Bovis has posted a surge in pre-tax profits for the first half of the year, ahead of expectations, after stepping up its build quality.
- Strong H1 performance with £62m profit before tax, compared with 42.7m last year;
- Further strengthened balance sheet with a move to an average net cash position in the period of £6m (2017: average net debt £96m) and a period end net cash position of £42.8m (2017: net debt £32.4m);
- Interim dividend increased by 27% to 19 pence per share and first special dividend of 45 pence per share to be paid with the interim in November;
- Strong sales position with 96% of 2018 sales secured;
- Following robust summer trading and with increased visibility on margin improvement, the Group now expects profits for FY18 to be at the top end of the Board’s expectations;
- On track to deliver minimum of £180m total cash proceeds from balance sheet optimisation initiatives by end of 2018.
Greg Fitzgerald, Chief Executive said, “We delivered a strong performance in the half with a more than 40% increase in profits. This reflects the excellent progress made across all business areas over the past 18 months and a step change in the quality of the homes we are building and level of service we are providing our customers.
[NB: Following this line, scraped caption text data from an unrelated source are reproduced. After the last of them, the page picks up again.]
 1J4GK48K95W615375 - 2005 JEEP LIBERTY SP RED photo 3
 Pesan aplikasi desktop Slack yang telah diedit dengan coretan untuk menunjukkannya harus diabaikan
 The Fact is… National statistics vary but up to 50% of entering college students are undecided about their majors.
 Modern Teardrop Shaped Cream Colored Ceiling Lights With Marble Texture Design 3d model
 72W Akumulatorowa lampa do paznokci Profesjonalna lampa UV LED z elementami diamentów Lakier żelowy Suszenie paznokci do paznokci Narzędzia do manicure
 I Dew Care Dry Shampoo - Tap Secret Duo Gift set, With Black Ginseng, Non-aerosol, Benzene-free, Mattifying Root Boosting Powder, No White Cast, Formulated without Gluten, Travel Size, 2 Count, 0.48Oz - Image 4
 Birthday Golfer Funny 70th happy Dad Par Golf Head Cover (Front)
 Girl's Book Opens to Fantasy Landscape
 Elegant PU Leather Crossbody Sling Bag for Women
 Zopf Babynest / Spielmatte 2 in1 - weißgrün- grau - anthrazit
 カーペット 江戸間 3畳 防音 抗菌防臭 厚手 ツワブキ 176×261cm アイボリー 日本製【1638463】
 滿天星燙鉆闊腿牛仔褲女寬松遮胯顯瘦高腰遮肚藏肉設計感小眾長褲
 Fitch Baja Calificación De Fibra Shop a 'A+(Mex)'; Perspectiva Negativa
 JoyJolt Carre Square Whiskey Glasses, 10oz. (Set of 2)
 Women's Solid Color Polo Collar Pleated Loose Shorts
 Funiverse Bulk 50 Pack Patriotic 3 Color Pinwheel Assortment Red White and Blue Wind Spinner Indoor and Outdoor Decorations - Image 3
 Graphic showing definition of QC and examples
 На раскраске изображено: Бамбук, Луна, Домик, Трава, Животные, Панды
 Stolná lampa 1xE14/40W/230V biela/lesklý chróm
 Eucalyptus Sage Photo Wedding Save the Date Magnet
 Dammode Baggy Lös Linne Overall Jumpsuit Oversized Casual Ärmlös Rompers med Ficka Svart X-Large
We are confident in the outlook for the business and are targeting a record year of profits in 2018, at the top end of the Board’s expectations.”
“Improving our build standards and delivering these higher standards consistently across all our developments remains a key priority, and over the past 18 months we have invested in high quality construction directors, site managers and site teams. Our regional management teams have embedded a far greater ‘hands on’ approach and best practice is now promoted and shared across our seven regions.
“We have seen our NHBC reportable items decrease by 66% since December 2016, and they are now slightly lower than the industry average. We are proud to disclose that our recent NHBC Construction Quality Review highlighted a significant step up in our build quality and in ‘getting it right first time’, with the Group now aligned to industry standards.
“The market fundamentals remain strong and we continue to see good levels of demand for new homes across all our regions with underlying pricing firm. Interest rates continue to be at historic lows with good competition in the mortgage lending market. The Government remains committed to increasing the supply of new homes in the UK reflected in its policy on housing and planning and commitment to Help to Buy.”